Peru, situated between Chile and Ecuador‏‎ and bordering the South Pacific Ocean, is a developing country with a poverty level around 45% and widespread underemployment.

However, there is a growing demand for English which bodes well for TEFL opportunities there.

Its geography varies from the arid plains of the Pacific coast to the peaks of the Andes and the tropical forests of the Amazon Basin. Peru counts 29 million inhabitants. The population is multiethnic. The official language is Spanish but many Peruvians speak also Quechua, which has been recognized as official language.

TEFL in Peru

As with many developing countries work opportunities for English teachers are on the up though the overall EFL‏‎ market in Peru is still relatively small if compared to its neighboring countries. In 2014, however, new university proposals mean that graduates must be fluent in a second language and there is a growing demand for English in this regard.

Finding employment in advance of arrival is quite difficult unless you have existing connections. Once you are there you’ll find many English language schools. Big chain franchises and small independent schools can be found in the capital city Lima but also in Cusco, the historic capital of the Inca Empire and today one of the most vibrant cities in South America.

Other good places where to look for work are Piura, Chiclayo, Trujillo, and Arequipa.

Employment opportunities for North American teachers in particular exist in the nine centers of the Instituto Cultural Peruano Norteamericano present in the country. There are also many ESL teachers working in private language schools, in universities and in State Secondary schools.

Courses offered usually cover the main 3 levels: Basic – Intermediate – Advanced English, and include test preparation for the TOEFL, IELTS, Michigan, and Cambridge exams. On site Business English courses are also popular.

Qualifications to teach in Peru

The most usual requirements for a position as an ESL teacher are:

Having said this, opportunities exist for both qualified and non-qualified teachers of English, and casual teaching can be picked up easily. If you don’t have all the qualifications above you can often still find work albeit at less prestigious schools. With a degree and good qualifications you’ll possibly be able to find work in a university also.

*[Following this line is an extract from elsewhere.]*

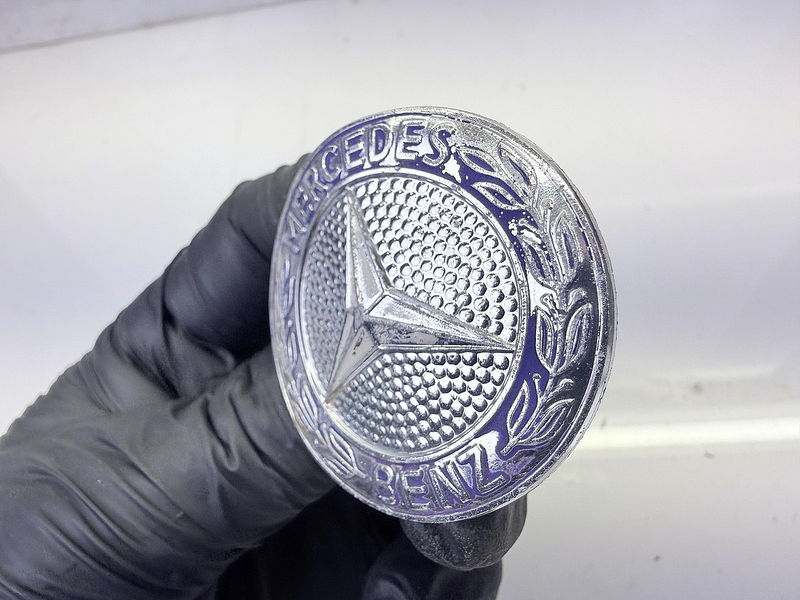 OEM Mercedes Benz W111 W112 Model 108 109 Front Rad. Grill Emblem Badge E8-107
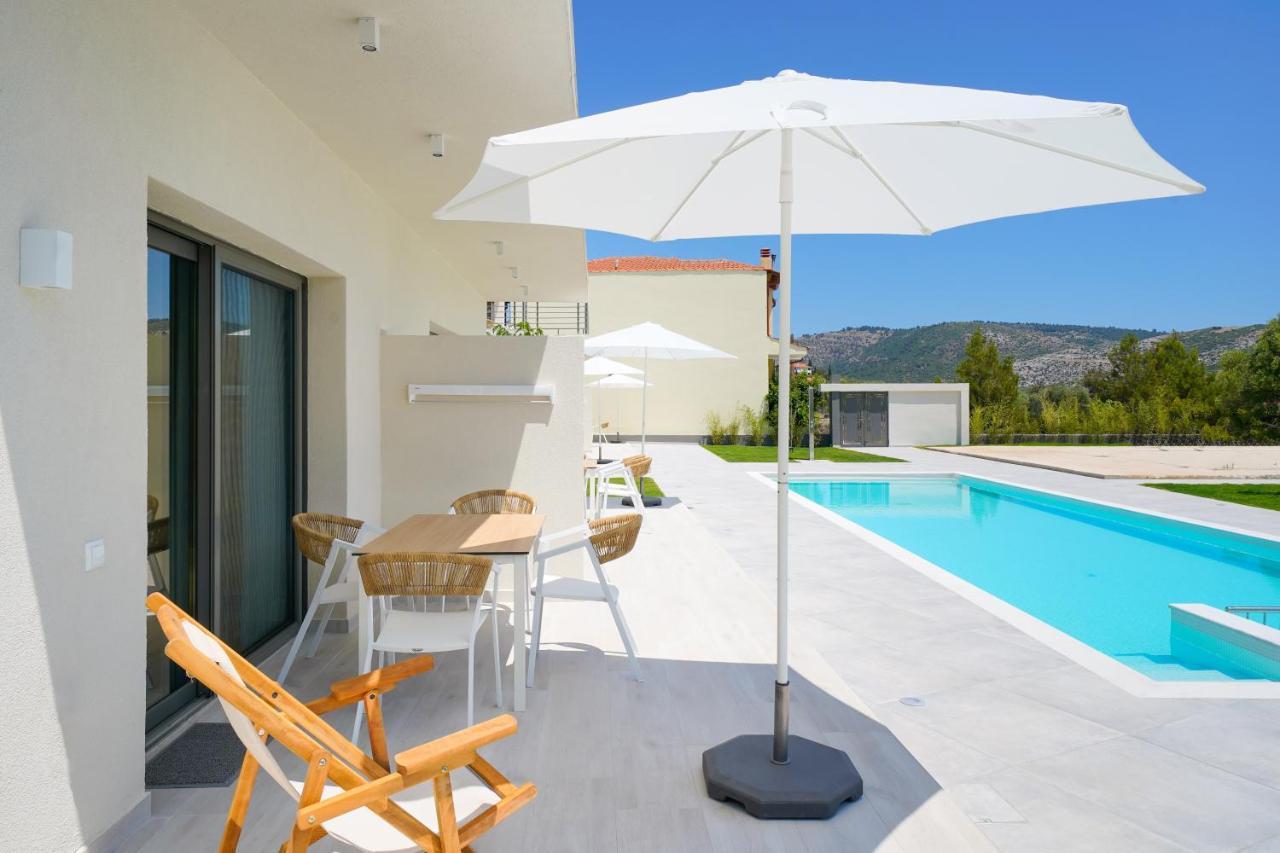 Filoxenia Luxury Apartments Potos Exterior foto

Some schools state a minimum age of 21.

The school year goes from March/April until November/December. International schools and schools may start looking for teachers as early as September or October. Universities may wait until the beginning of the year (January or February) to start hiring. Many institutes hire all year-round.

Pay & Conditions teaching in Peru

The average salary for a certified teacher in a private school in Peru is between $350 USD (€277, £223) to $850 USD (€673, £541) per month however this depends on qualifications and experience.

In the State school system salaries are lower. In the capital Lima salaries are relatively higher. If you are qualified and have substantial experience you can make a good earning by teaching at an international school.

It is common – although by no means ubiquitous – for a teacher to be asked to work split shifts. This means you teaching a few hours in the morning then taking a long break in the afternoon to resume teaching in the late afternoon/evening for another few hours, often till late. This is especially common in private language schools which tend to cater for older students who are often working and attending school in their free time.

Visa and Work Permits

If you are British, Irish (or other EU‎ national), Canadian, American or Australian and want to work and live in Peru you can enter Peru on either a tourist visa or a business visa.

Tourist visas can be picked up at the airport upon arrival in Peru or at Peruvian border crossings. This means there is no need to apply for a tourist via before hand when traveling as tourists to Peru. These visas are given for a minimum of 30 days and a maximum of 90 days. The length of your stay as tourist will depend on the immigration officer you find upon arrival. Some are more generous than others. In any case it is always worth requesting a full 90 days to start with but be prepared to be allowed in for less time.

With your 90 days tourist visa you basically have 3 months to find work. Once you have found it you can apply for a workers visa from the Peruvian General Directorate of Immigration and Naturalization. Although not recommended, many EFL teachers work in Peru on a tourist visa.

Business visa holders can remain in Peru for up to 90 days. The requirements for obtaining business visas depend on the country you are traveling from so you should contact the Peruvian embassy in your country for details. Again, once in Peru you can apply for a workers visa from the Peruvian General Directorate of Immigration and Naturalization.